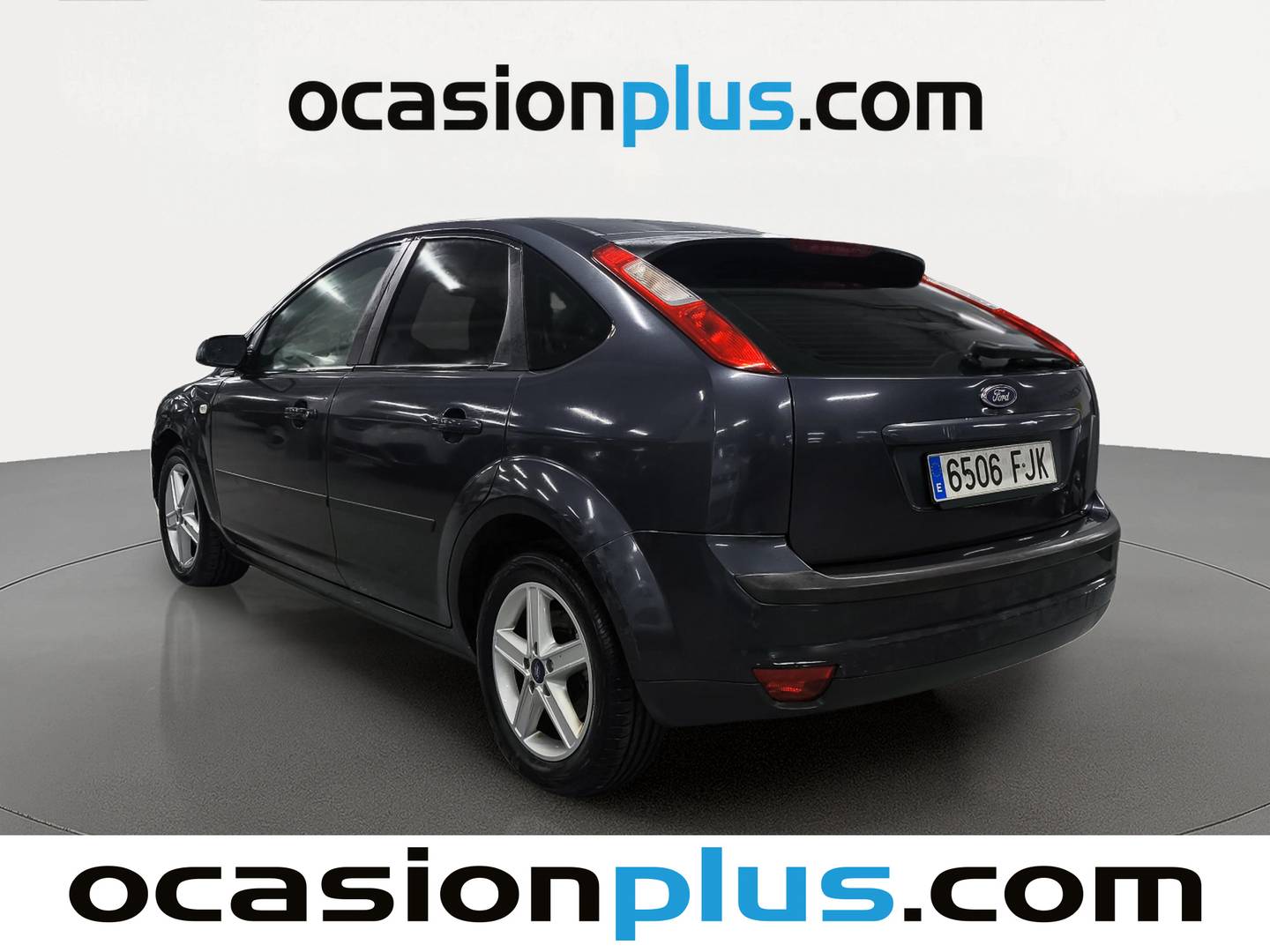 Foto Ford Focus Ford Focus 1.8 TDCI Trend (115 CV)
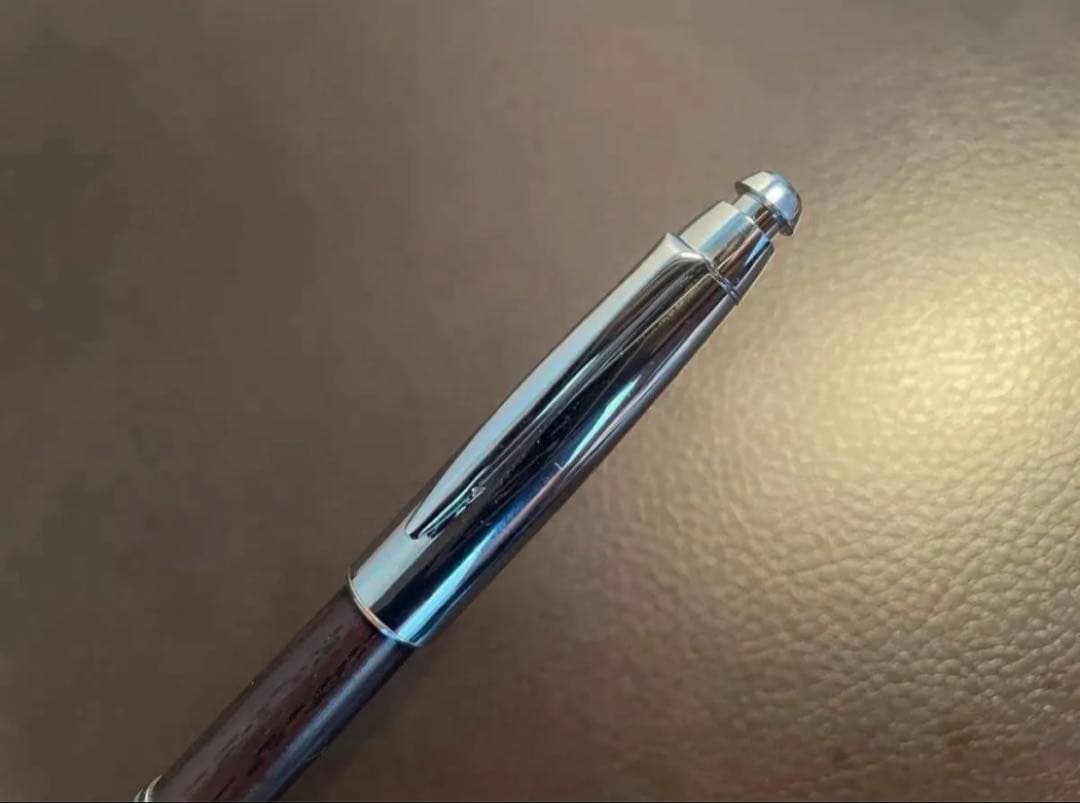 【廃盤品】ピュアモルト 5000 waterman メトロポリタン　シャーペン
--
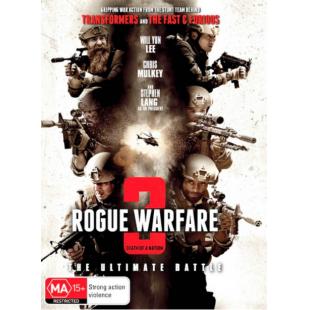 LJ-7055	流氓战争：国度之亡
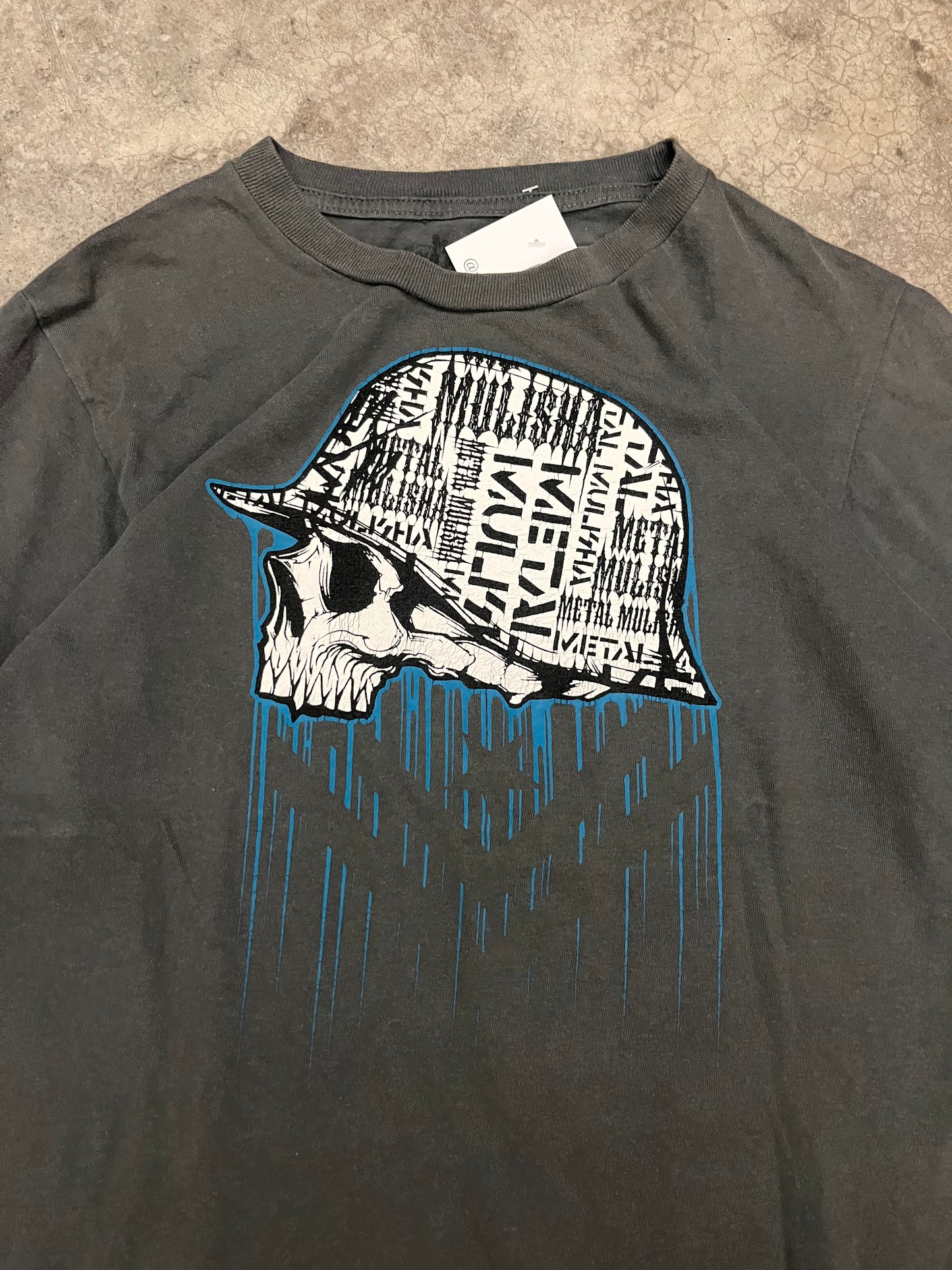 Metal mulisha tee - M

> **Problem details**: Find the line with "Foto Ford Focus" in the data above, and from there retype each line exactly through the line with "5000 waterman メトロポリタン　シャーペン", skipping the pictures along the way.

> **Output for this exercise**:
 Foto Ford Focus Ford Focus 1.8 TDCI Trend (115 CV)
 【廃盤品】ピュアモルト 5000 waterman メトロポリタン　シャーペン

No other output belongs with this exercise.